Lo spettacolo è in scena al Teatro Argentina di Roma fino al 15 maggio, prima di iniziare una tournée internazionale con tappe a giugno-luglio al Klaipeda Drama Theater di Klapedia in Lituania, al Festival d’Avignone in Francia e al Gdansk Shakespeare Theater di Danzica in Polonia.La storia di “The Tempest” è da sempre un’importante parametro per molti registi nel dimostrare la loro maturità. Non a caso quest’opera del Bardo è l’emblema della sua produzione artistica che si individua in Prospero (un convincente Marco Sgrosso) la persona nei panni del poeta e del drammaturgo inglese proprio nella fase di commiato dal suo teatro. Il protagonista infatti abbandona la magia così come Shakespeare abbandonò l’altrettanto “esoterica” pratica della scrittura drammaturgica.
La “Tempesta” ha sempre rappresentato per ogni regista un viatico molto nobile, per esprimere tutta la propria poetica descrittiva dalle immagini al suono fino alle voci degli interpreti.
Serra, dopo essersi cimentato nella messa inscena del “Macbettu”, – versione sarda della tragedia omonima, – aveva già esplorato tutti i livelli e la potenzialità di un testo shakespeariano.

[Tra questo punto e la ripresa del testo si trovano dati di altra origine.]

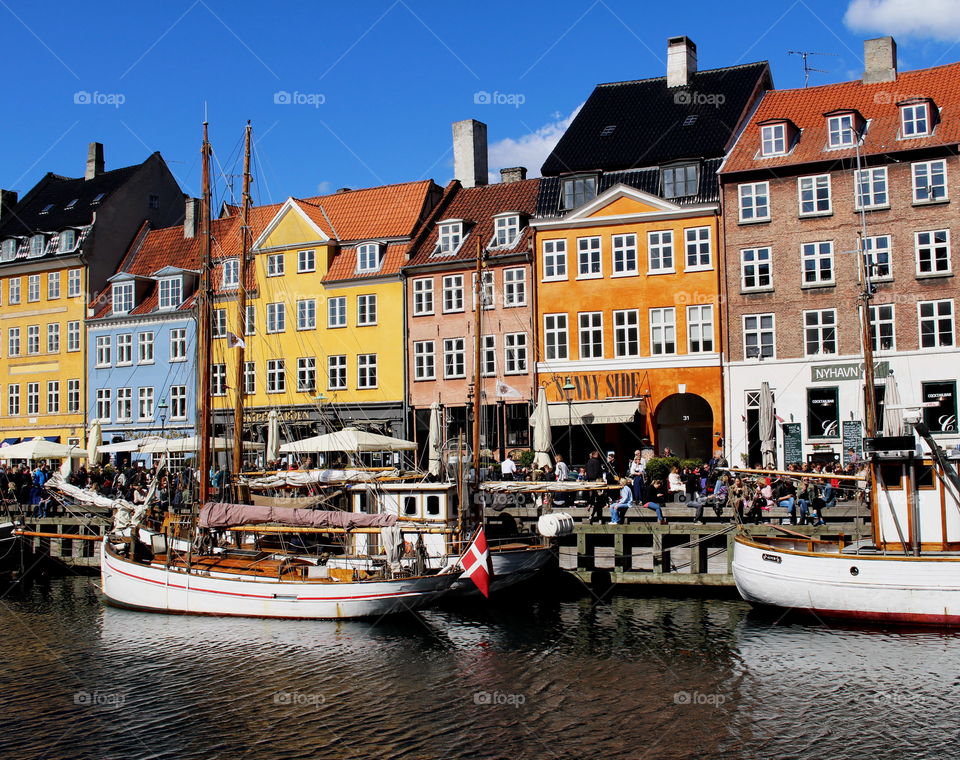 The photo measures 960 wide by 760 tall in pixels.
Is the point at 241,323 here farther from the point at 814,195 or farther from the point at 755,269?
the point at 814,195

Dalla lingua sarda e dai suoni ancestrali e misteriosi è tornato a lavorare su “La Tempesta” con la stessa carica espressiva e innovativa.
Il “proteismo” dell’opera shakespeariana per eccellenza viene segmentato nei minimi particolari. Colpiscono i rimandi alla tradizione regista classica e postmoderna. La prima è la scelta dell’alternarsi di buio e luce che ha donato un tocco quasi caravaggesco allo spettacolo, giocando sulla profondità della scena. Difficile non vedere nella presenza di enormi teli la storica rievocazione de “La Tempesta” di Giorgio Strehler del 1977 che Serra sembra aver dedicato come solenne omaggio allo storico regista del Piccolo teatro di Milano.
La lettura di questa “Tempesta” rumorosa e atletica vuole esaltare anche l’agilità interpretativa degli attori totalmente padroni del loro corpo elastico. La “Tempesta” di Shakespeare oltre a raccontare la vendetta e il perdono di Prospero nei confronti del fratello usurpatore, rappresenta un’enorme opera di metateatro, in cui ogni singolo personaggio rimanda a significati sociali e culturali, che Bloom ha classificato come “l’invenzione dell’umano”.
In un grande affresco immaginifico si intrecciano infatti elementi universali, come il tema dell’alterità individuabile nella figura di Calibano,(anagramma di cannibal) interpretato da un sorprendente Jared McNeill.
Serra riesce a muovere le leve del sentimento e della commuovere sollecitando lo spettatore che si immedesima nella figura di Ariel (Chiara Milani), lo spirito ribelle, gioioso, nonostante le catene e l’amore senza tempo tra Miranda e Ferdinando. E quando le acque della grande tempesta si placano affiorano stremati e felici gli attori che sembrano “fatti della stessa sostanza dei sogni”.
Uno spettacolo da vedere e da subire.